Attempt: I recall to mind the definition of the spherically symmetric Laplacian in polar coordinates for $\mathbb{R}^3$. $$\Delta = \partial_r^2 + \frac{2}{r} \partial_r$$
Then, $f(y)$ is truly a coefficient function, so what is of principal significance remains in exhibiting
$$(\Delta + k^2) \frac{e^{-ikr}}{r} = -4 \pi \delta(r)$$
in the distributional sense.
$$ \begin{align} (\Delta + k^2) \int_{\mathbb{R}^3} \frac{e^{-ikr}}{r} d^3 y &= 4 \pi \int_{\mathbb{R}^3} (\Delta + k^2) r e^{-ikr} dr \\ &= 4 \pi \int_{0}^{\infty} \left(\partial_r^2 + \frac{2}{r} \partial_r + k^2 \right) r e^{-ikr} dr \\ &= 4 \pi \int_{0}^{\infty} \left(-2ik - k^2 r + \frac{2}{r} - 2ik + k^2 r \right) e^{-ikr} dr \\ &= 4 \pi \int_{0}^{\infty} \left(\frac{2}{r} - 4ik \right) e^{-ikr} dr \end{align} $$
Where I'm Stuck: I am not sure how to proceed as my final integrand appears ill-conditioned? Did I make an algebraic mistake?

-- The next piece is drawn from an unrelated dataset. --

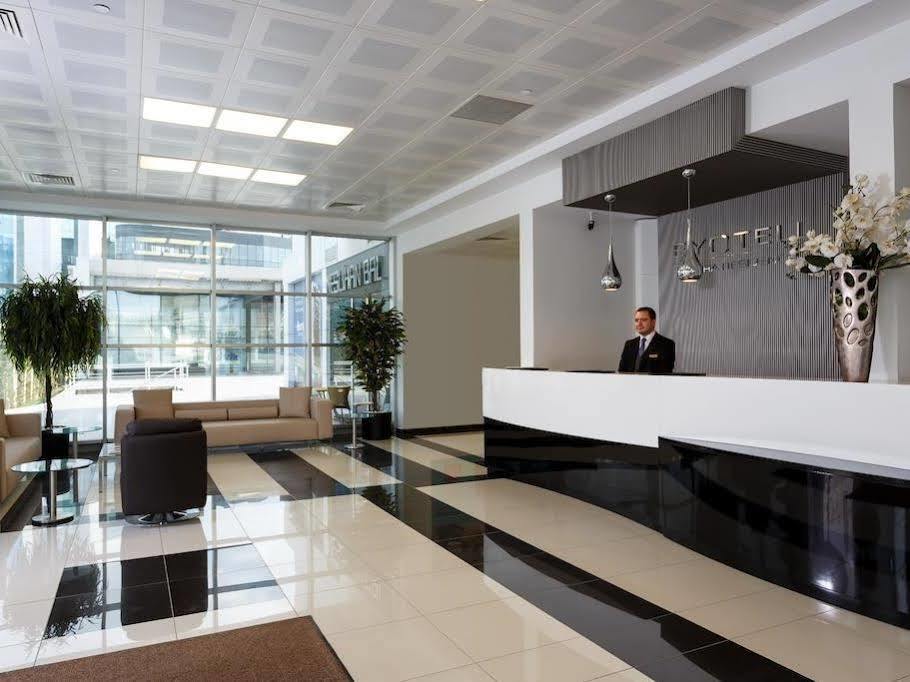Flora Suites Atasehir Istanbul Exterior foto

Other Thoughts: I was curious as to if I might use the following identity in my answer.
For any $k \in \mathbb{R}$
$$ \int_{-\infty}^{\infty} e^{ikx} dx = 2 \pi \delta(x) $$
Regarding the $\frac{2}{r}$ term, could I employ the Cauchy principle value of the integral or another such means of ascribing a value to it? If memory serves, the Fourier transform of $\frac{1}{r}$ is not defined, so I believe that I must have taken a wrong path.
Ultimately, am I correct in my hope that proving
$$ (\Delta + k^2) \frac{e^{-ikr}}{r} = - 4 \pi \delta(r) $$
will allow me to show
$$ \begin{align} (\Delta + k^2) c_0 \int_{\mathbb{R}^3} f(y) \frac{e^{-ikr}}{r} dy &= -4 \pi c_0 \int_{\mathbb{R}^3} f(y) \delta(x -y) d^3 y \\ &= -4 \pi c_0 f(x) \end{align} $$
Then, $c_0= \frac{1}{4 \pi}$ would prove the desired result.